Economia

'Reforma da Previdência tem um valor psicológico muito forte', diz Alexander Busch

Para jornalista econômico, aprovação da reforma pode sinalizar que o governo estaria preparado para fazer outras mudanças

['Reforma da Previdência tem um valor psicológico muito forte', diz Alexander Busch]
Foto : Tácio Moreira/Metropress

Por Juliana Almirante no dia 08 de Maio de 2019 ⋅ 08:55

O jornalista Alexander Busch avalia que a reforma da Previdência do governo Jair Bolsonaro tem um "valor psicológico" muito forte para economia, porque pode sinalizar que o governo estaria preparado para fazer outras mudanças. 

"Essa reforma da Previdência tem um valor psicológico muito forte para a economia. Se o governo mostrar que é capaz de enfrentar interesses da sociedade dentro dessa reforma, esse governo poderia fazer muita coisa. Se o governo conseguir a reforma, estaria preparado para outras reformas que o País precisa. A parte econômica do governo está entre as melhores equipes ecônomicas que o Brasil já viu", disse, em entrevista à Rádio Metrópole.

Ele ainda avalia que os conflitos no governo dificultam a tomada de medidas que podem destravar a economia. "Vejo essa briga extremamente contraprodutiva. Já estamos em maio e foi feita pouca coisa na microeconomia. Mas acho que no fundo isso é um jogo democrático. O governo está nesse momento, apesar da falta de qualidade... Mas estão brigando por quem vai dominar quem. É um processo democrático", pondera.

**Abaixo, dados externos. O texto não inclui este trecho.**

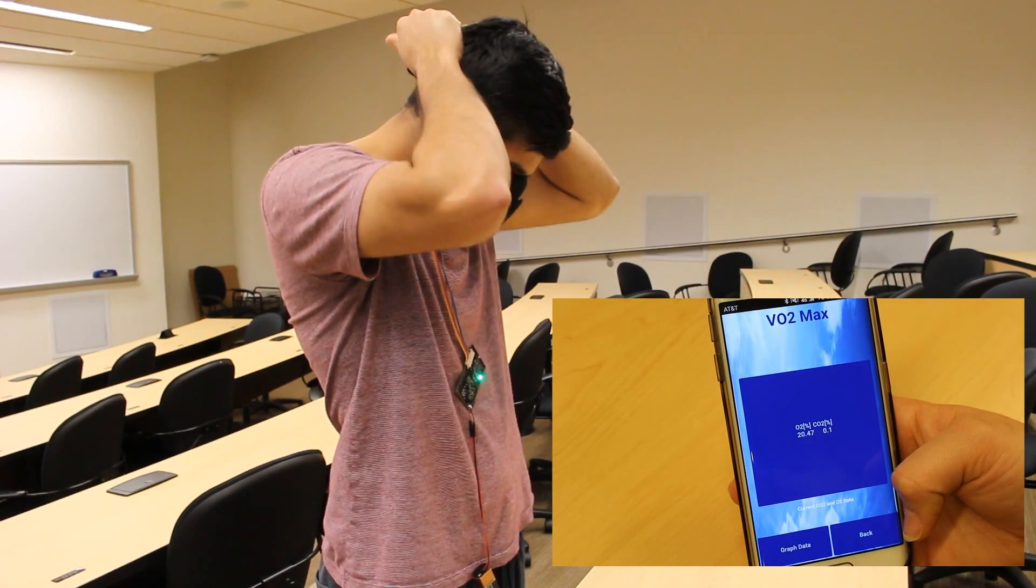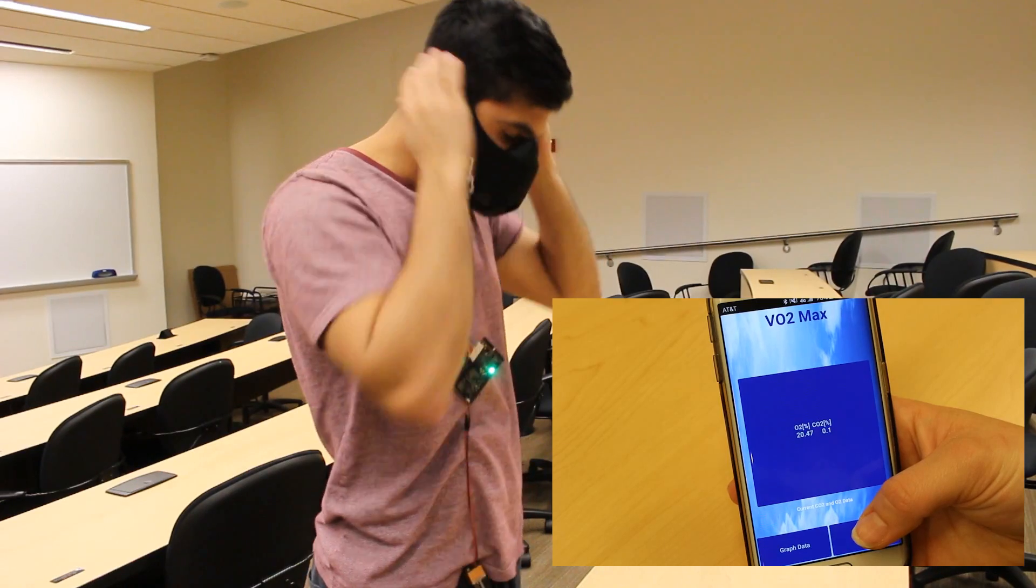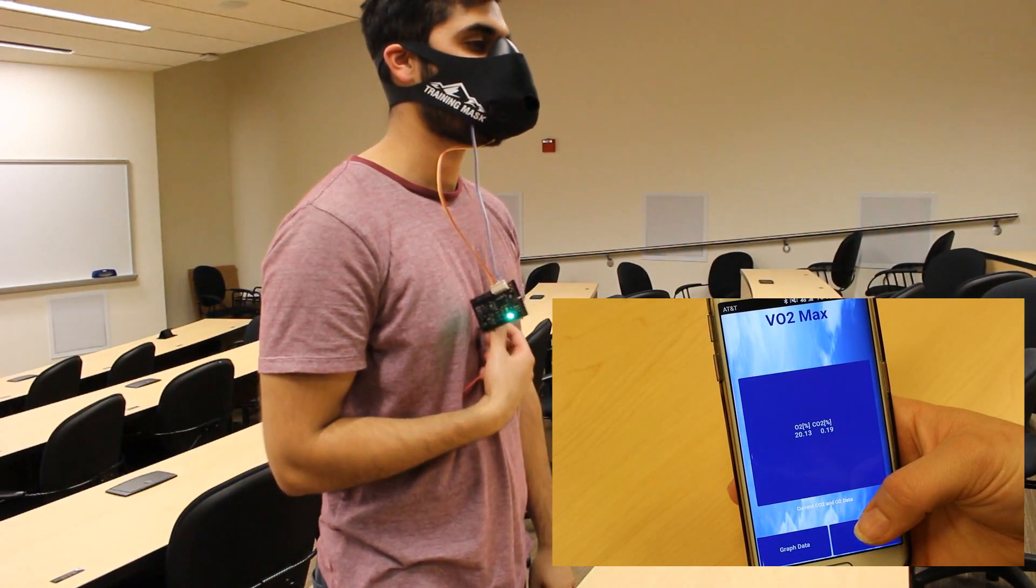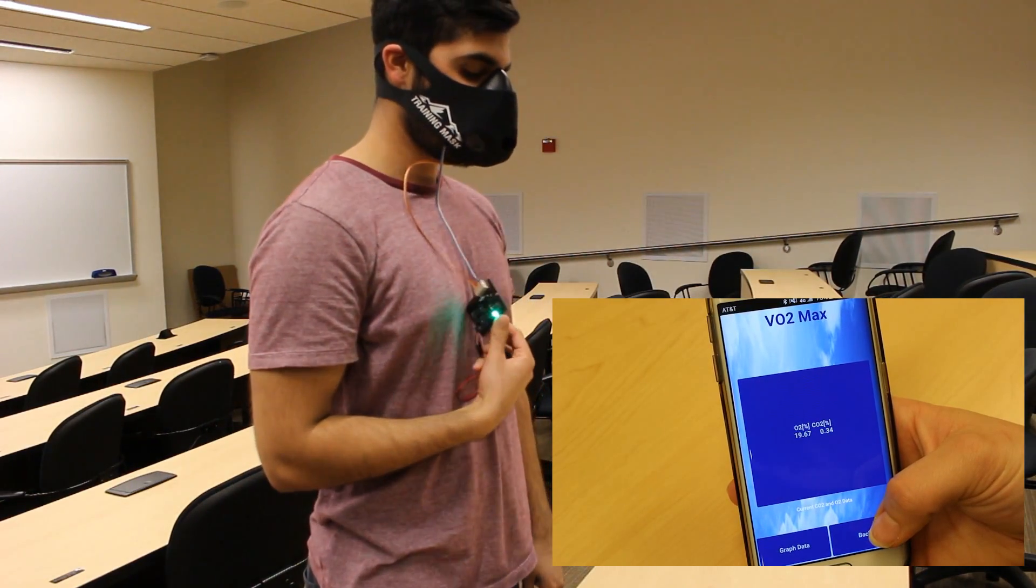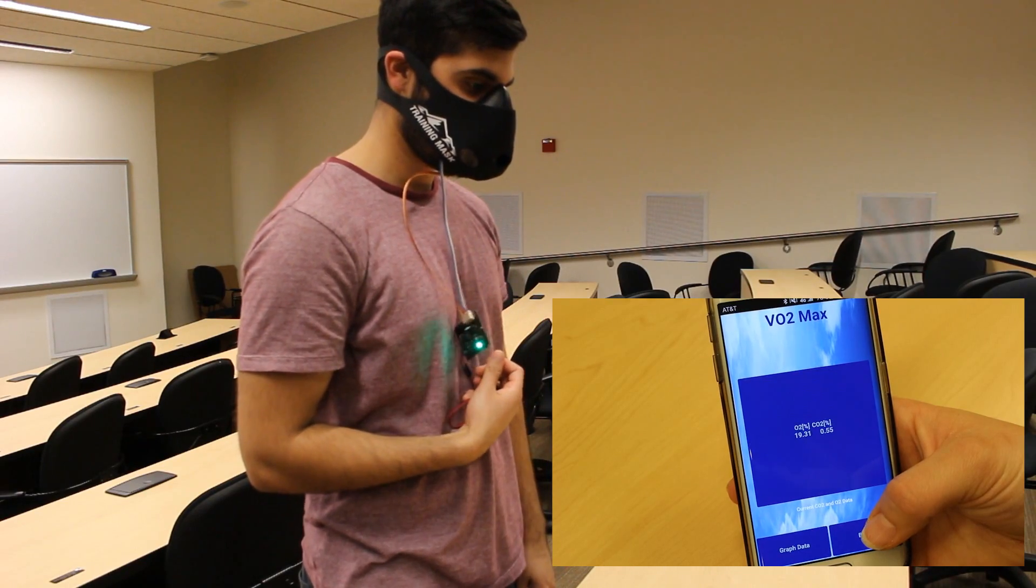You will also be able to see the live data updates directly on your phone through the Uku app as the CO2, O2, and activity levels change.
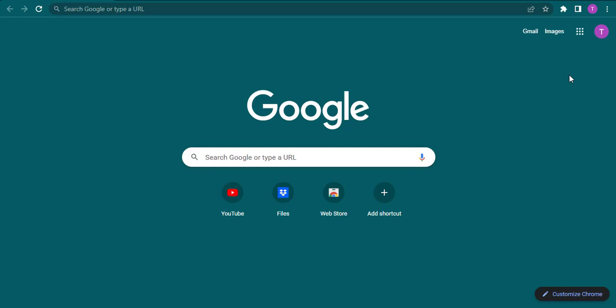You need to open up a web browser first and then head over to the website of Wells Fargo.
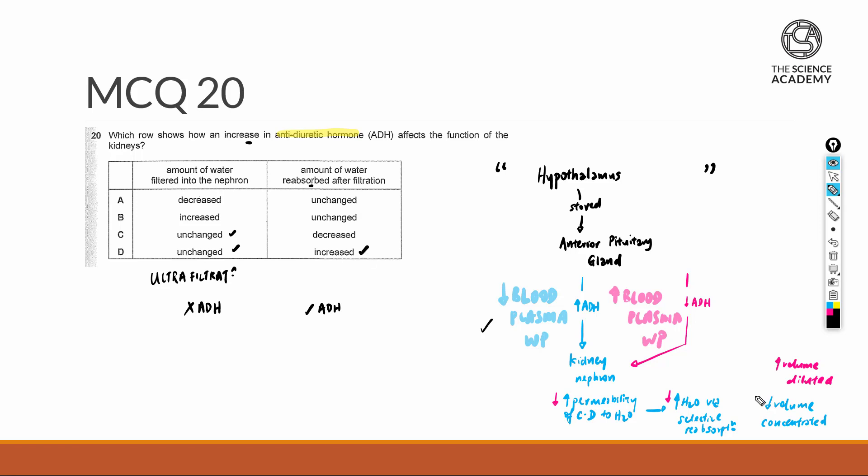...and as always, it will result in a low volume of concentrated urine. The answer for MCQ20 is D.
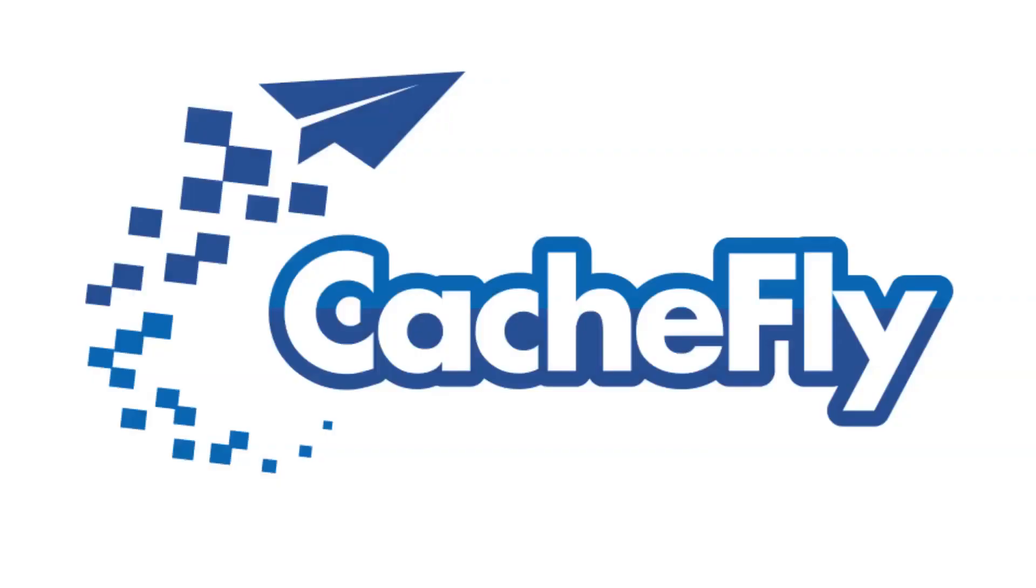Bandwidth for this podcast is brought to you by CashFly at C-A-C-H-E-F-L-Y dot com.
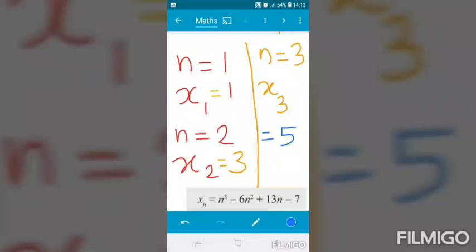We now have three terms of the sequence: x1 = 1, x2 = 3, x3 = 5.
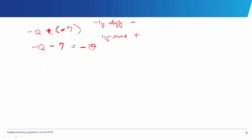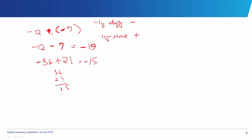Let's take another example: minus 36 plus 21. The signs are different, so we subtract: 36 minus 21. 6 minus 1 is 5, 3 minus 2 is 1, giving us 15. We give the sign of the largest number, which is minus, so our answer is minus 15.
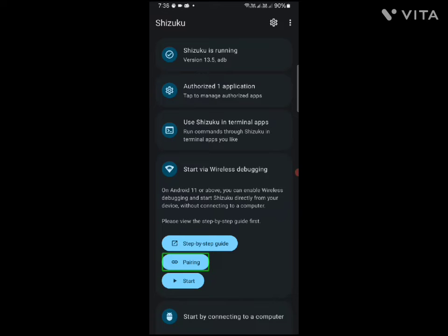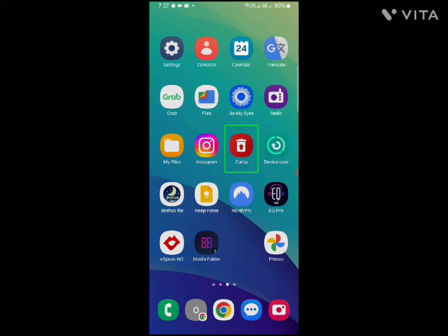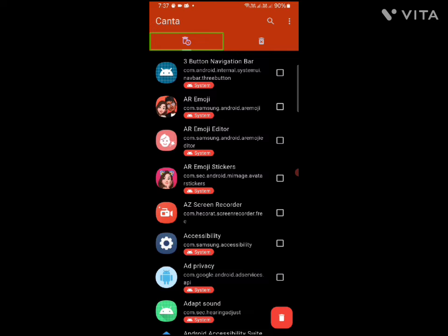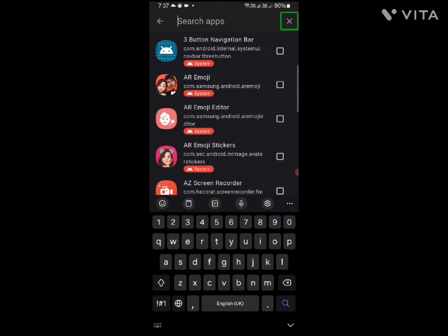We will search for Shizuku and start it. Then we will open the Kanta app. The app is inaccessible, but we can take a look at it. Here, there are 4 applications shown on our phone. There is a heading and a button. If you click here, there is a tab in the search app to search in the text box.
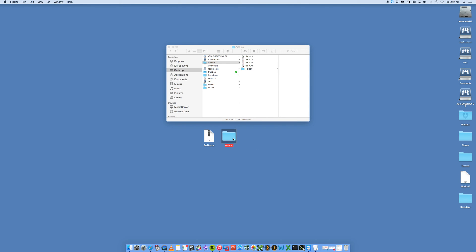So that is the basic steps on how to zip and unzip files on your Mac. If you found this video helpful, please give me a thumbs up. Subscribe to my channel Digital by Computing for a whole bunch more Mac videos and others. Thanks for watching.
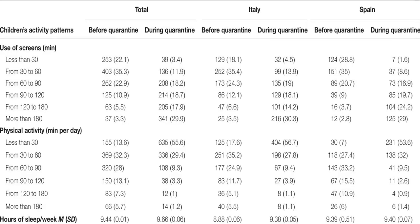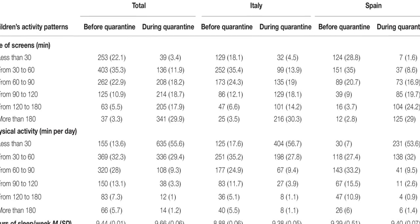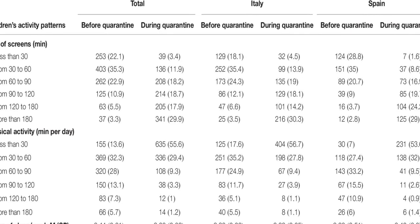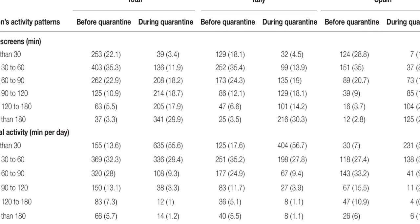The most common symptoms were difficulty concentrating, boredom, irritability, restlessness, nervousness, feelings of loneliness, uneasiness, and worries.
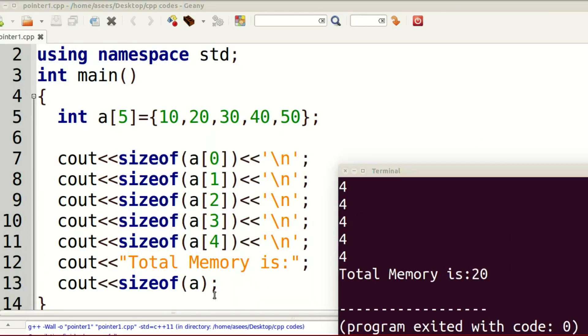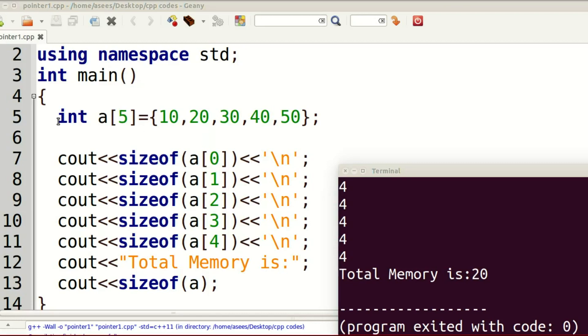The total memory requirement for this array: each array element takes 4 bytes. To calculate total memory, multiply array size with datatype size. Array size is 5, datatype size is 4. So, sizeof(a) is 4 × 5 = 20 bytes. Clear?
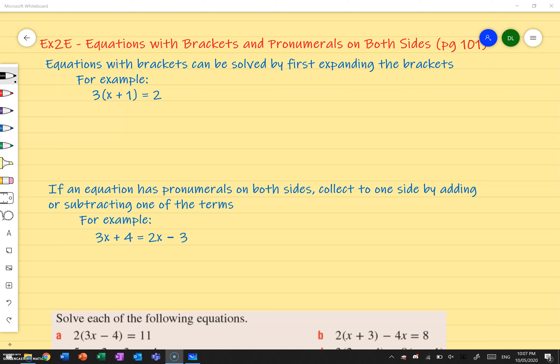Hey, this is exercise 2E, which is on equations with brackets and pronumerals on both sides, and is on page 101 of your textbook. I'm going to try and keep this video brief so that I can quickly go through and understand how we apply our previous understandings in these kinds of questions. The idea is that you need to have learned the other stuff and then apply that for this.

De naturalidade alemã, Busch vive há anos no Brasil, entre Salvador e São Paulo. Em 2019, ele escreveu o livro "Brasil, país do presente". O jornalista avalia que desde então, o país já mudou muito. "O Brasil não se compara com essa situação. A esperança que tinha há 10 anos atrás de que o Brasil seria um novo poder mundial. Essa ideia não funcionou como estava previsto. A metade dos políticos e empresários que entrevistei estão hoje na prisão ou estão em algum lugar na Justiça. As principais empresas do Brasil, na época, hoje em dia, não existem mais ou estão uma sombra do que era na época", diz. 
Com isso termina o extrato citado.